Nickel plating bath is plating slow and parts are dark?
Q. In my electroplating tank I am using nickel sulfate, nickel chloride and boric acid solutions. The brighteners used is a combination of Nimac 8127PR, Nimac 33, Nimac 14, and Nimac 12A. The PH is always 4.7 . It is supposed to be 3.9 . Using 50 amps per load of 25 parts, the voltage goes up to 3 volts only, and the parts I've been plating are getting very dark. It plates very slow, and it's never bright.
So...what's my problem with my plating bath? Can you please give me a solution to this problem? Thank you in advance!Karen S [last name deleted for privacy by Editor]
- Dearborn, Michigan
A. Hi Karen,
You have contamination from copper, tin, aluminium in your nickel solution. You not mentioned about orange surface so the problem should not be iron or too much brightener. You can try to eliminate this if you bring corrugated steel sheet with a low current about 0,3 A / dm2 over one night maybe more you will remove all contamination from your solution.
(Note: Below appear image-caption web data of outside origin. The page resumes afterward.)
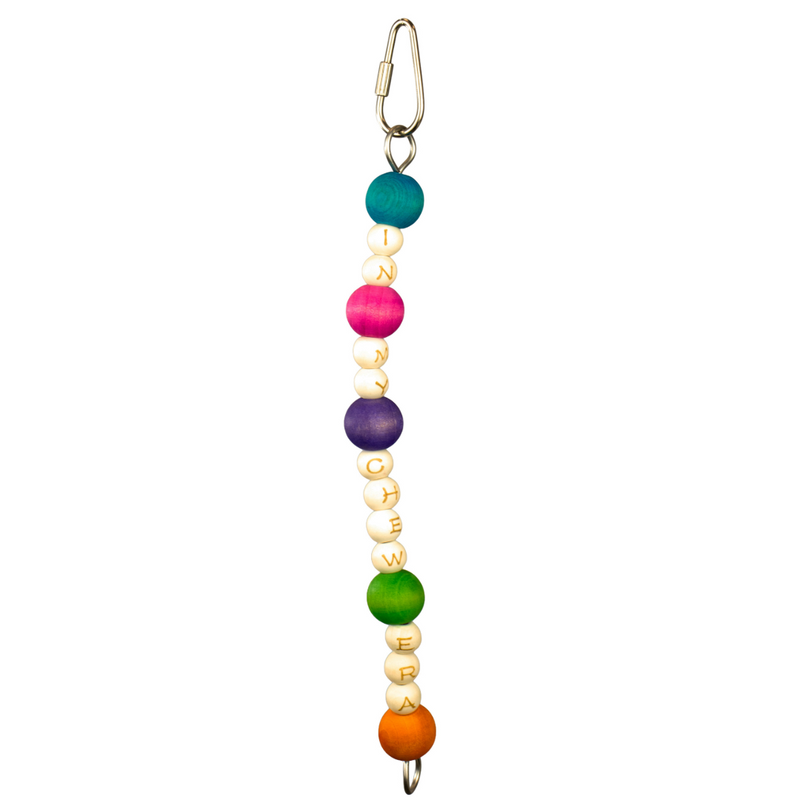 A&E Chew-a-Charm Bird Toy
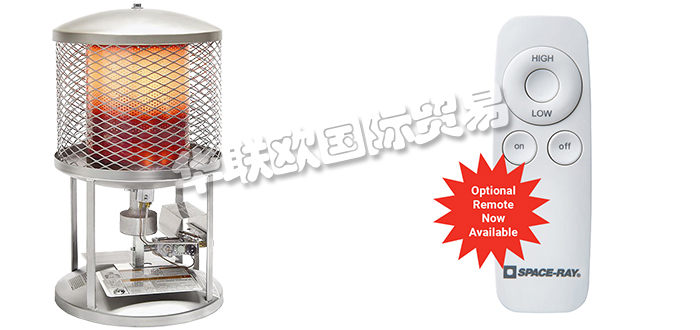 美國(guó)SPACE-RAY紅外輻射燃?xì)饧訜岙a(chǎn)品熱銷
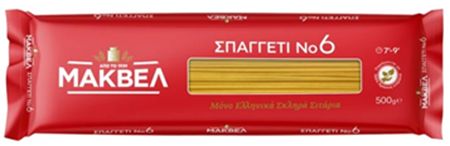 MAKBEA SPAGHETTI NO. 6 (500G)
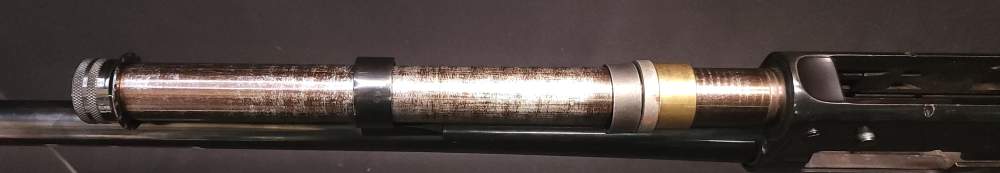 Remington Model 11 12ga Gunsmith SPL Receiver, Cutts, 30" Barrel Layaway-img-24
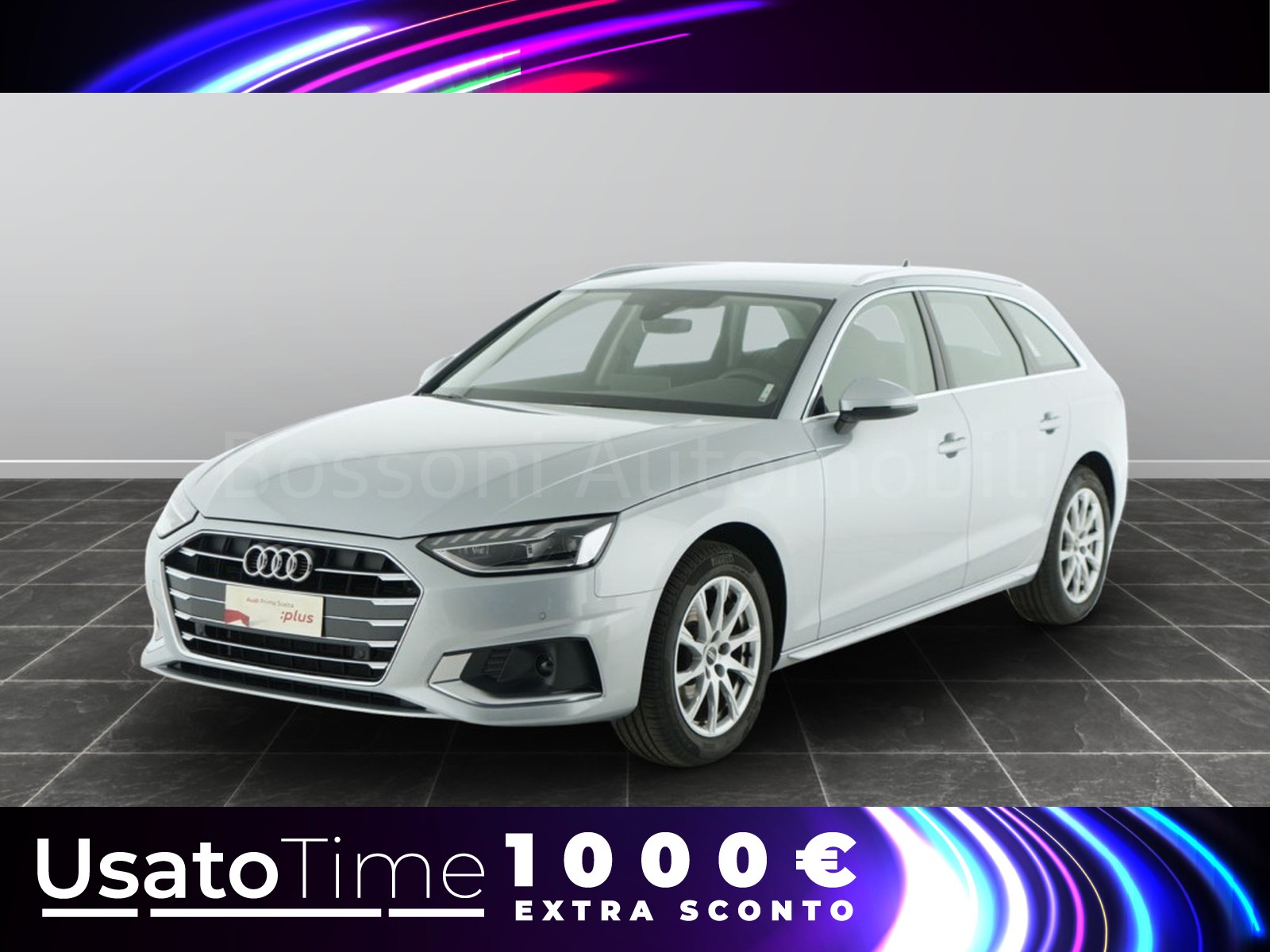 42 - Audi A4 avant 30 2.0 tdi mhev 136cv business advanced s tronic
With this method you also remove some brightener and wetting agent because the ampere by hour the solution will be electro cleaned. So what you should do after this removing is to do a analyse by your nickel solution. A good idea is to filter the solution with charcoal cartridge and NP purifier each week.
3rd Generation in Plating
Consultant - Arvika, Sweden
A. You could have Cu, Pb, or Zn contamination, but I doubt it. Try checking the current density; I suspect it is on the low side of where you want to be.
- Tallahassee, Florida
A. The first thing to check is the current. Do you have the anode and cathode set up right. Also your pH is very high for a bright nickel solution. The higher the pH the more active the brightener. If you have very high brightener your parts would be black and the plating rate very slow. Run a hull cell to check the chemistry. If the hull cell is also black you should do a carbon/peroxide treatment of the nickel solution and than run a hull cell to make sure you removed all the brightener. Than add back the brightener and recheck everything.
Atotech - Rock Hill, South Carolina
A. Try sulfuric acid 25% to get the pH down.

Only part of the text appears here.